[EXERCISE PROMPT] Where the word "Size" occurs in a line of the listing below, copy that line.

[AVAILABLE DATA]
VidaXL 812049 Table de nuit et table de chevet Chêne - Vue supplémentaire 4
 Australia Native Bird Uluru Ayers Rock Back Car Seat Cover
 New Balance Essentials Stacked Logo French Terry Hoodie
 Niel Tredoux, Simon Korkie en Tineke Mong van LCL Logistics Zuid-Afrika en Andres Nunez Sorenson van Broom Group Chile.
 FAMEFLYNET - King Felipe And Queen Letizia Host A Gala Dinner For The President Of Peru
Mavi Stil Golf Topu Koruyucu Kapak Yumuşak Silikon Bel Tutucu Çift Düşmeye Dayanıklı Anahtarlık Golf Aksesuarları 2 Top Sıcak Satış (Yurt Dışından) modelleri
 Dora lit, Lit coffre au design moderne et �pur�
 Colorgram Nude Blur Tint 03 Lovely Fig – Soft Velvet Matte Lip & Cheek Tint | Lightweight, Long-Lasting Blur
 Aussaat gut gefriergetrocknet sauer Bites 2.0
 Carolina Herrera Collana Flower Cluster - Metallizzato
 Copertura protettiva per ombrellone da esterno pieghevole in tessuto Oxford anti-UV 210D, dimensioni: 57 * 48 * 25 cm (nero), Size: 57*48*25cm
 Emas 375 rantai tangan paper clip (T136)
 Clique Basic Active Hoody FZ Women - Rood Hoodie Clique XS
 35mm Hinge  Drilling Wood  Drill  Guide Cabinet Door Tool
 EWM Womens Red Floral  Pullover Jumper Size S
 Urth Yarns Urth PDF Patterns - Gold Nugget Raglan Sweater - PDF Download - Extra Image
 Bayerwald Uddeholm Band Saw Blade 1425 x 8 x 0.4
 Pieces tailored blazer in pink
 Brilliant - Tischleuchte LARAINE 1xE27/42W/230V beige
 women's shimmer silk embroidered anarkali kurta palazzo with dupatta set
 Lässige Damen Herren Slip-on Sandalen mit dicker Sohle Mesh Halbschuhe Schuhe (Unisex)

[SOLVED EXERCISE]
 Copertura protettiva per ombrellone da esterno pieghevole in tessuto Oxford anti-UV 210D, dimensioni: 57 * 48 * 25 cm (nero), Size: 57*48*25cm
 EWM Womens Red Floral  Pullover Jumper Size S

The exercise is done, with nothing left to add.